**EXERCISE:** Give all of the records again precisely, excluding whatever pictures they contain.

**RECORDS FOR PROCESSING:**

[Start of Attachment]

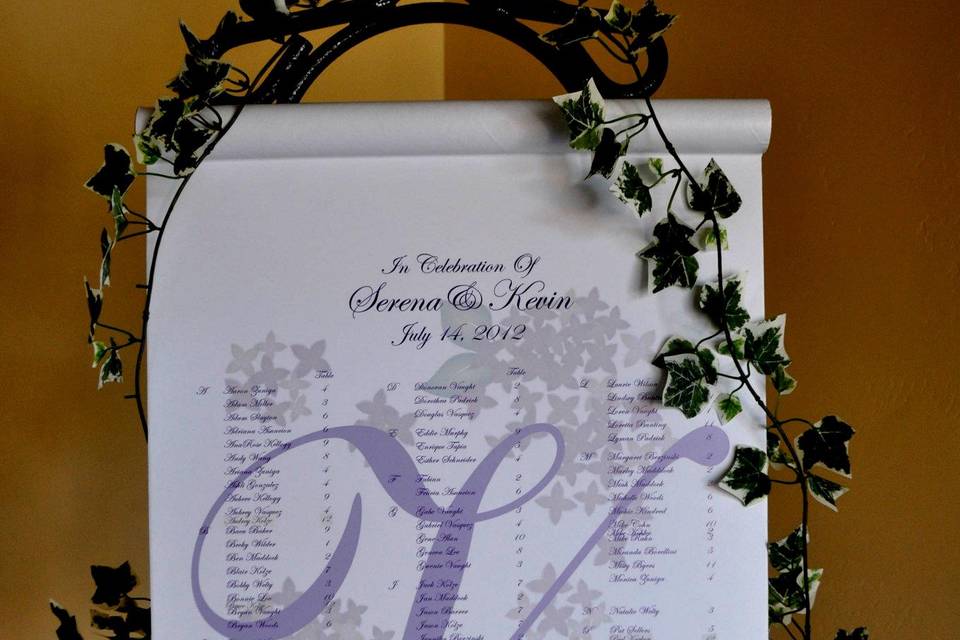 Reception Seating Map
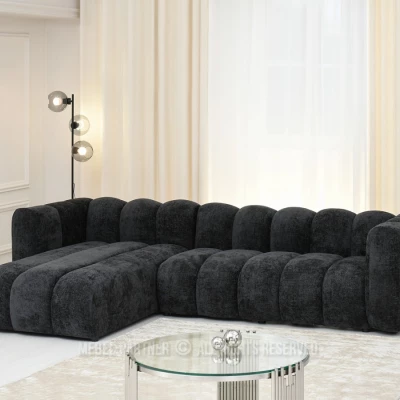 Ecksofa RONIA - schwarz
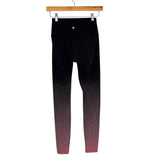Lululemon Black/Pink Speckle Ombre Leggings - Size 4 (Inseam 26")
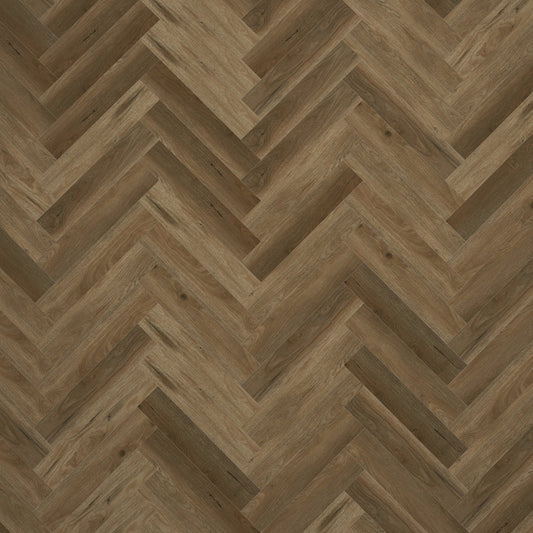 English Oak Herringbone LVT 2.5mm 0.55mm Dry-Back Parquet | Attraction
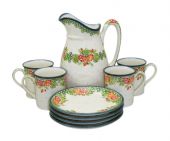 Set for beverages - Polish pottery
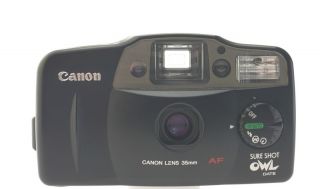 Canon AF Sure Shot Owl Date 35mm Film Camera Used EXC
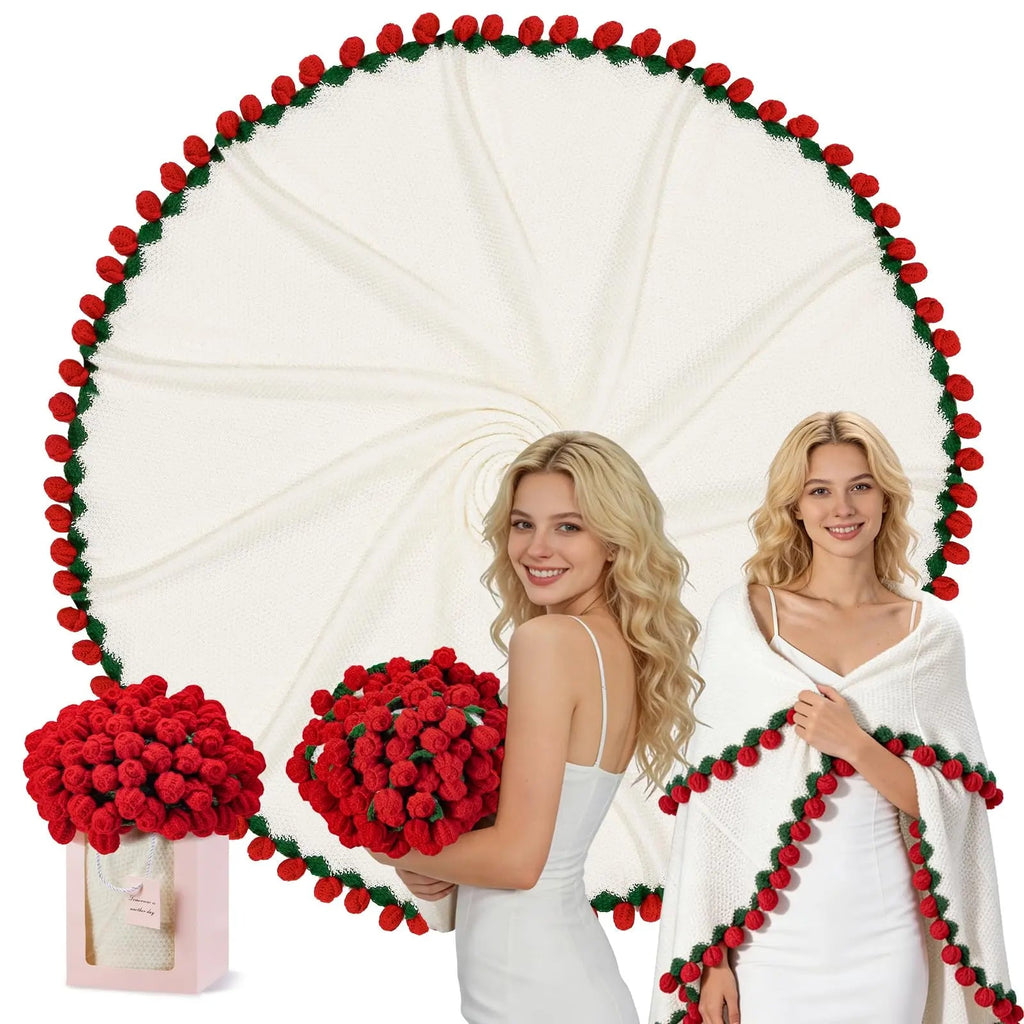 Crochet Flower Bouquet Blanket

[End of Attachment]

**RESULT BELOW:**
 Reception Seating Map
 Ecksofa RONIA - schwarz
Lululemon Black/Pink Speckle Ombre Leggings - Size 4 (Inseam 26")
 English Oak Herringbone LVT 2.5mm 0.55mm Dry-Back Parquet | Attraction
 Set for beverages - Polish pottery
 Canon AF Sure Shot Owl Date 35mm Film Camera Used EXC
 Crochet Flower Bouquet Blanket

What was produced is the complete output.